Among the decisions which have reached similar conclusions with respect to the scope of the Fair Labor Standards Act of 1938 in analogous situations there may be cited Sunshine Mining Co. v. Carver, D.C., 41 F. Supp. 60 (mining of ore sold to local refiners who shipped refined metal interstate); Divine v. Levy, D.C., 39 F. Supp. 44 (production of crude oil sold to local refiners which sold refined oil in interstate commerce); Allen v. Moe, D.C., 39 F. Supp. 5 (lumber sold to a local manufacturer of matches shipped interstate); Enterprise Box Co. v. Fleming, 5 Cir., 125 F.2d 897, certiorari denied 316 U.S. 704, 62 S.Ct. 1312, 86 L.Ed. 1772 (cigar boxes sold to local cigar manufacturers who shipped in interstate commerce).
The second contention of the defendant is that he conducts a service establishment within Section 13(a)(2) which provides: "The provisions of sections 6 and 7 [sections 206 and 207 of this title] shall not apply with respect to * * * any employee engaged in any retail or service establishment the greater part of whose selling or servicing is in intrastate commerce * * *."
The very fact that the exemption is to employees of any "retail or service" establishment suggests strongly that what was contemplated by "service" establishment was the type of business which sells services to the general public corresponding to the type of business which sells goods at retail to the general public, e.g., barber shops, parking lots, shoe repair shops, tailor shops. Without attempting however to define what does come within this exemption, it suffices to say that a firm engaged in the dyeing of yarn for use by carpet manufacturers does not come within it.
For a detailed discussion of the scope of the exemption of service establishments reference may be had to Interpretative Bulletin No. 6, issued by the Administrator. In United States v. American Trucking Associations, 310 U.S. 534, 549, 60 S.Ct. 1059, 84 L.Ed. 1345, 1354, the Supreme Court said that the interpretations of the Act by the Wage and Hour Division are "entitled to great weight".
Defendant's final contention is that an injunction should not issue because he wrote several letters to the Wage and Hour Division of the Department of Labor in an attempt to determine his status and received no answer except a poster that the carpet and rug industry was exempted from the Act. This was apparently true with respect to the Textile Wage Order in effect at the time the inquiries were made by the defendant.
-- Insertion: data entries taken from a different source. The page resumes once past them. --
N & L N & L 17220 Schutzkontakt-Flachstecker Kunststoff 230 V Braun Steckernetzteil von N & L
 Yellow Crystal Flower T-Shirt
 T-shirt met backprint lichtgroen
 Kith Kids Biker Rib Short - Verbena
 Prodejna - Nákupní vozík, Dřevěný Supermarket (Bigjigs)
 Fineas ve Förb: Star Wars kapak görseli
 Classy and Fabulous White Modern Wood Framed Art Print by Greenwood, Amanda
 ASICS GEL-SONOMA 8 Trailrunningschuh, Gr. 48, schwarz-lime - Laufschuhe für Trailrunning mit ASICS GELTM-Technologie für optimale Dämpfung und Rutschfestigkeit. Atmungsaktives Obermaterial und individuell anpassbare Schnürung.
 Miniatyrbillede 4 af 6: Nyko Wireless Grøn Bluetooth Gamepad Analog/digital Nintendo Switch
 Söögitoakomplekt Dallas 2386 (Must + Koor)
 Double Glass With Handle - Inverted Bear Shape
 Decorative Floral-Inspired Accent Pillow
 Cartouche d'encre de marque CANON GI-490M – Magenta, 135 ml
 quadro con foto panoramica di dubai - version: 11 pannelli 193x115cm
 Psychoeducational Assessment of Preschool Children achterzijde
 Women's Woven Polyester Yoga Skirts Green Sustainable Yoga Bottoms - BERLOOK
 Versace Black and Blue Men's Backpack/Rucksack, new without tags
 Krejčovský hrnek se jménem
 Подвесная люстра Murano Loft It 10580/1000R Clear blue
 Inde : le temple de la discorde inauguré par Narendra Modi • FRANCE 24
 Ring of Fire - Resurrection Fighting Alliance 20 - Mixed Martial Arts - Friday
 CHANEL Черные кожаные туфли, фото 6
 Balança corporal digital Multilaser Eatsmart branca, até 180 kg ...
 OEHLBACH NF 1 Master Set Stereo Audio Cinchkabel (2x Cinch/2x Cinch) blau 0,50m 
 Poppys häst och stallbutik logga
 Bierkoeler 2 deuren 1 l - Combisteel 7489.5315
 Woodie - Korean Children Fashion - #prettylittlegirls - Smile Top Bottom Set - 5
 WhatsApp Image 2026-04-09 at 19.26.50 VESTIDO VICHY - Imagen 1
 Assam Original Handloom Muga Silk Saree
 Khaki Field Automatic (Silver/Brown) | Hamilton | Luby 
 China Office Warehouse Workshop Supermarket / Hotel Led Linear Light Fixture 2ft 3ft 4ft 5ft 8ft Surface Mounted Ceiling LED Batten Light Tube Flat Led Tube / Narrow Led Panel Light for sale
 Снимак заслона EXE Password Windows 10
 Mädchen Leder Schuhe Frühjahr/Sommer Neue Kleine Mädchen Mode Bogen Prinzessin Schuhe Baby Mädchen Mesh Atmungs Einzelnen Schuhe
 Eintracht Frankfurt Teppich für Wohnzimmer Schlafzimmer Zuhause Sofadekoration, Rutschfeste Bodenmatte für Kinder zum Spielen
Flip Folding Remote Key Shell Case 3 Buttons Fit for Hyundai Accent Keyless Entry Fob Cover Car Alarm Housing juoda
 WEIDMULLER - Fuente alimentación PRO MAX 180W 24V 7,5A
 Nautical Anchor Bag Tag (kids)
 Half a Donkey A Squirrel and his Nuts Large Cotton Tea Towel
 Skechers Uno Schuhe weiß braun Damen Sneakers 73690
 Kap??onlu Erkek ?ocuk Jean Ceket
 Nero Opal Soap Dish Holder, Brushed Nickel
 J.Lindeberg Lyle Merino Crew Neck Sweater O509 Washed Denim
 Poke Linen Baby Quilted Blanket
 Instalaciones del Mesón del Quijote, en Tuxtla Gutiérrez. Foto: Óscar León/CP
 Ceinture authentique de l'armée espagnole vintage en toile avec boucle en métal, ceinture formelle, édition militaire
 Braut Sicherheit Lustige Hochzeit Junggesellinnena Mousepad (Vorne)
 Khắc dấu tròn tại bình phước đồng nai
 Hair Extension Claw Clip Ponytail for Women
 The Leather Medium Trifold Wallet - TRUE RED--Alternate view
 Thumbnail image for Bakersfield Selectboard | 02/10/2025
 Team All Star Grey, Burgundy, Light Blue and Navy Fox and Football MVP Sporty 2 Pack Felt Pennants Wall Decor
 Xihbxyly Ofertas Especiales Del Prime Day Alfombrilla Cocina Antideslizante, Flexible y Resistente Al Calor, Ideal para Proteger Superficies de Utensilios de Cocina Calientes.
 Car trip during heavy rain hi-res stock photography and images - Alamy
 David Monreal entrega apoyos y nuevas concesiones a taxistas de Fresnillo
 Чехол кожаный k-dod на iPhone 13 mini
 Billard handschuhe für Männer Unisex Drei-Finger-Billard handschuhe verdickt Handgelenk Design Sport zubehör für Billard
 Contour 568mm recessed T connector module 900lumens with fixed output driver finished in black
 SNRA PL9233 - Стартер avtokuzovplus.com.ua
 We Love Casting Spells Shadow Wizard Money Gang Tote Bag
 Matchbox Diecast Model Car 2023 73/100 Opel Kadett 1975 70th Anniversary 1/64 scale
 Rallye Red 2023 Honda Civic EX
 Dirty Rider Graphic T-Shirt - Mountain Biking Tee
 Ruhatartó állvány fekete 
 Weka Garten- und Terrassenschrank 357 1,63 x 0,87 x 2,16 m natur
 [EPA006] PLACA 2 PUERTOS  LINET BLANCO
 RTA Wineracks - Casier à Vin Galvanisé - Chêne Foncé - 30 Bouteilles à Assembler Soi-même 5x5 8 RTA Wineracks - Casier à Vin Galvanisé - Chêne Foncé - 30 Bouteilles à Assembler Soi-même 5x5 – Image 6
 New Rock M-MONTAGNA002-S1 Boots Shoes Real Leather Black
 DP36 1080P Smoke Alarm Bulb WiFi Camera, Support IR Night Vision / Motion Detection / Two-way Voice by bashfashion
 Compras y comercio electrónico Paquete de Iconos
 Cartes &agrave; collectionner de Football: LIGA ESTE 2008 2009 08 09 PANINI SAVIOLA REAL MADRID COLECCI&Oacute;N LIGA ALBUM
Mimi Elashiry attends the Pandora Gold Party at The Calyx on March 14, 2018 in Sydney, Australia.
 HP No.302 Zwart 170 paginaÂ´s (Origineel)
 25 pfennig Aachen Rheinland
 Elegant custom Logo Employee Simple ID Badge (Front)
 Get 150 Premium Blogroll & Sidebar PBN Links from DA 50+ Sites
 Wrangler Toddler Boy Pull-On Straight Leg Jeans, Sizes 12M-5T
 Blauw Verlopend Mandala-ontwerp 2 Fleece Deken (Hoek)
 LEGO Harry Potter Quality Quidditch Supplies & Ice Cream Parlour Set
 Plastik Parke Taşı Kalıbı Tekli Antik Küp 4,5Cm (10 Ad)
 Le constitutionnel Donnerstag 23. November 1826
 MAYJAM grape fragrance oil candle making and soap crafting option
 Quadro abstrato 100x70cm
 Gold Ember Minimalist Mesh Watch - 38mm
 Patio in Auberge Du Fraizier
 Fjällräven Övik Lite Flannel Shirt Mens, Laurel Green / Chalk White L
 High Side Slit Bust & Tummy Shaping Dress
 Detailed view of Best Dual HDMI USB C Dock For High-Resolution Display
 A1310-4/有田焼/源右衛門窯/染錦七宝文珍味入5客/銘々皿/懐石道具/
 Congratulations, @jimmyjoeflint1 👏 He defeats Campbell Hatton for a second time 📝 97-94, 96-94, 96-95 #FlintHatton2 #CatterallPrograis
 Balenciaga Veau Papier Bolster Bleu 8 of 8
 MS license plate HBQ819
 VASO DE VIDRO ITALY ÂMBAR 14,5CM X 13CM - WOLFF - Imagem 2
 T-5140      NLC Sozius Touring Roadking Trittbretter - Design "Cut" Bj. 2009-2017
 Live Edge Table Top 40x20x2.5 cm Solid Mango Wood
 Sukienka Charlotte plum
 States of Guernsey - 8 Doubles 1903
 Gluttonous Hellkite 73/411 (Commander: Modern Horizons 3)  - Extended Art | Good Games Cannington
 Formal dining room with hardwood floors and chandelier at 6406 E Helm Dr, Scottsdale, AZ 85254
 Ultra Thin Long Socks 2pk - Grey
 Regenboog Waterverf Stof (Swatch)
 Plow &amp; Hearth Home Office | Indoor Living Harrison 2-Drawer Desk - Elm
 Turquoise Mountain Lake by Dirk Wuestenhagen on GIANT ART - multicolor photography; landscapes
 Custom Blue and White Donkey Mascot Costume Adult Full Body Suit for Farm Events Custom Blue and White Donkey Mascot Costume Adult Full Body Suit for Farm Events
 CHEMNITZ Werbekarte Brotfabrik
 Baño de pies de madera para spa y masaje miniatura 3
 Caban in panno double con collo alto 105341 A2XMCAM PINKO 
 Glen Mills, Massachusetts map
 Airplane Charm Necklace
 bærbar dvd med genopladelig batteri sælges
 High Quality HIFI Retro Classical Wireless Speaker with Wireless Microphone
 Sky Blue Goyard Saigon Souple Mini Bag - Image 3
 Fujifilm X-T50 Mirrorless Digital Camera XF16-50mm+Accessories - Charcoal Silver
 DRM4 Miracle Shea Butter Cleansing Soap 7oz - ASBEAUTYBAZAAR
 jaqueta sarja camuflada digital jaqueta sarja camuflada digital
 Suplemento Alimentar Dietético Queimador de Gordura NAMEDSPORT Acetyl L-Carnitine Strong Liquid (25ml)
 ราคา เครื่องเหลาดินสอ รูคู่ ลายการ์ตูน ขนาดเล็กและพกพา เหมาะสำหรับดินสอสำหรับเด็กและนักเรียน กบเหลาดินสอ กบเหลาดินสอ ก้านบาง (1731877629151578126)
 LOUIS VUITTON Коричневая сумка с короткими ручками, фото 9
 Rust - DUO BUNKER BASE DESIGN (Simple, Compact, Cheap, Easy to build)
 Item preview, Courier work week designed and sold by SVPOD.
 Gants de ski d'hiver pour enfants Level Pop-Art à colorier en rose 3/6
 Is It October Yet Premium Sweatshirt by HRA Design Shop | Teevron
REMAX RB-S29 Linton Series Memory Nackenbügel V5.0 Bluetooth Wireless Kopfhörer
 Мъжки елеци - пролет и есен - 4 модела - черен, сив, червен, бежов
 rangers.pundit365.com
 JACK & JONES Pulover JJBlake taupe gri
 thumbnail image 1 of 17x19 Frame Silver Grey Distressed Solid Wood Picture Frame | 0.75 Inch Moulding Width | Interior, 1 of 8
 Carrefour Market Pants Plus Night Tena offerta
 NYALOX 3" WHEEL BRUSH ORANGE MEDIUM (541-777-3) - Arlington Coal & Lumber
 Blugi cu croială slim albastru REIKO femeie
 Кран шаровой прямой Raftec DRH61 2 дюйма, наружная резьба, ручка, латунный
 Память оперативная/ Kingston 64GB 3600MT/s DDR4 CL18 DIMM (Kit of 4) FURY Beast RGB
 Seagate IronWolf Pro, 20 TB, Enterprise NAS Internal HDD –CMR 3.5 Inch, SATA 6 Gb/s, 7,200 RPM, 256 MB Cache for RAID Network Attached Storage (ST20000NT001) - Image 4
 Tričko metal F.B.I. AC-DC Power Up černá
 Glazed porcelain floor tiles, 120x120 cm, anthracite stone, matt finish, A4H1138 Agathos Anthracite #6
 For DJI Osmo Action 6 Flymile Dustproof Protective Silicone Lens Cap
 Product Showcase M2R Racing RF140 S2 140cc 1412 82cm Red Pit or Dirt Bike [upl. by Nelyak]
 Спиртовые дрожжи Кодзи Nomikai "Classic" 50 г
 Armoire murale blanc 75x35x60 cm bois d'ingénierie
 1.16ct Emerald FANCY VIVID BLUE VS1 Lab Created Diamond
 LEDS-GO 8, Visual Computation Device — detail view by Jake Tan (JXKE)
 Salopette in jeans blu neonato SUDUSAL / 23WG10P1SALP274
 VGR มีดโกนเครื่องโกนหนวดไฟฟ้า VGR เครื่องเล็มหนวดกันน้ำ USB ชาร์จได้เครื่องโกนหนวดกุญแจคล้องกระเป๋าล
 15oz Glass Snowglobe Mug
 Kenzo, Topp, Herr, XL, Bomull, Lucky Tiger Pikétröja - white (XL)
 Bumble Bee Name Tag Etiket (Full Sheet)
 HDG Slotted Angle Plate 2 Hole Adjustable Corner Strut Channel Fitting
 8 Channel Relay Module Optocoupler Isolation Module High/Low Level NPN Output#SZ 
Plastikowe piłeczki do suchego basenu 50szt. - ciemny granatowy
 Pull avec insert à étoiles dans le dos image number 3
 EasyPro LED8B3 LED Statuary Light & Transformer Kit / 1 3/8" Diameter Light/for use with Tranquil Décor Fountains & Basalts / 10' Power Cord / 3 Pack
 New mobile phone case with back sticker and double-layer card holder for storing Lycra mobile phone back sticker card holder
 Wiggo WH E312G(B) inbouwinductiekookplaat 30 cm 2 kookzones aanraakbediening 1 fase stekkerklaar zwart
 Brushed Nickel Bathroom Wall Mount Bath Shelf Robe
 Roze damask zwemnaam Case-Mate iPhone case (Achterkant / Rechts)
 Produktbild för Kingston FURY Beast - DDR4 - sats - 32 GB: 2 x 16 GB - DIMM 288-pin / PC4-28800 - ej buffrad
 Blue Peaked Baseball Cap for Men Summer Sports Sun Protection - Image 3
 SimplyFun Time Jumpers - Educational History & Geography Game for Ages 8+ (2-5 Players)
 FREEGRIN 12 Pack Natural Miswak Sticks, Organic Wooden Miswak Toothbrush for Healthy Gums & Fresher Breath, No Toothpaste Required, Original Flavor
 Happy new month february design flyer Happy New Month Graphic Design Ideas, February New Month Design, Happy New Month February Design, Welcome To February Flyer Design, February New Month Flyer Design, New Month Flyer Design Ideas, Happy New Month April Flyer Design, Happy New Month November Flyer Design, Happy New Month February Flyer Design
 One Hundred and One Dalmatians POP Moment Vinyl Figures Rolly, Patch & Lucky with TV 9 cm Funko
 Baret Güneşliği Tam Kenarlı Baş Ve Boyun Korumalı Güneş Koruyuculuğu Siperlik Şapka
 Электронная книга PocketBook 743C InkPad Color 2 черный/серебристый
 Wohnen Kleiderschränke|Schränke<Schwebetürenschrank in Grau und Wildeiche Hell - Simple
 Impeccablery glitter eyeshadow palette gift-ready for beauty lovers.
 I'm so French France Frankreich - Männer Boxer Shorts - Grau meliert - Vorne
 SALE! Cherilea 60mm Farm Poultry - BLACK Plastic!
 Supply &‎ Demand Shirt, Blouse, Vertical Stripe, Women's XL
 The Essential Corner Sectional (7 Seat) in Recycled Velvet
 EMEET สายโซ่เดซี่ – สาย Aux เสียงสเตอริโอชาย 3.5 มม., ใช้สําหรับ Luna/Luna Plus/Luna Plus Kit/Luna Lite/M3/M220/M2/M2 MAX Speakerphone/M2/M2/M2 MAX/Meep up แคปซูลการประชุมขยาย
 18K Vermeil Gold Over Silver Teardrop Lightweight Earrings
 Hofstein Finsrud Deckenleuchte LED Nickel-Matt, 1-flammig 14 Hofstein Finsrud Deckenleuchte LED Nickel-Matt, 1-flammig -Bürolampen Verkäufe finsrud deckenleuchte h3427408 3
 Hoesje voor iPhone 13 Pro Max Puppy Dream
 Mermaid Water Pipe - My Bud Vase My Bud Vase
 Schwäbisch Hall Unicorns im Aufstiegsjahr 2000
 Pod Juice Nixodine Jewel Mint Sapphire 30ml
Subsequently however there was promulgated, after due publication and notice as required by the Act, the Carpet and Rug Wage Order which became effective February 28, 1941, since which time the defendant has admittedly not been in compliance. Under these circumstances, an injunction to compel future compliance is entirely proper. I make the following
Conclusions of Law:
1 Defendant's employees are engaged in the "production" of goods for commerce "within the meaning of the Fair Labor Standards Act of 1938".
2. An establishment engaged in the dyeing of yarns for use of manufacturers of carpets and rugs is not a "service establishment" the employees of which are exempted by Section 13(a)(2) of the Fair Labor Standards Act of 1938 from the provisions of Sections 6 and 7 of that Act.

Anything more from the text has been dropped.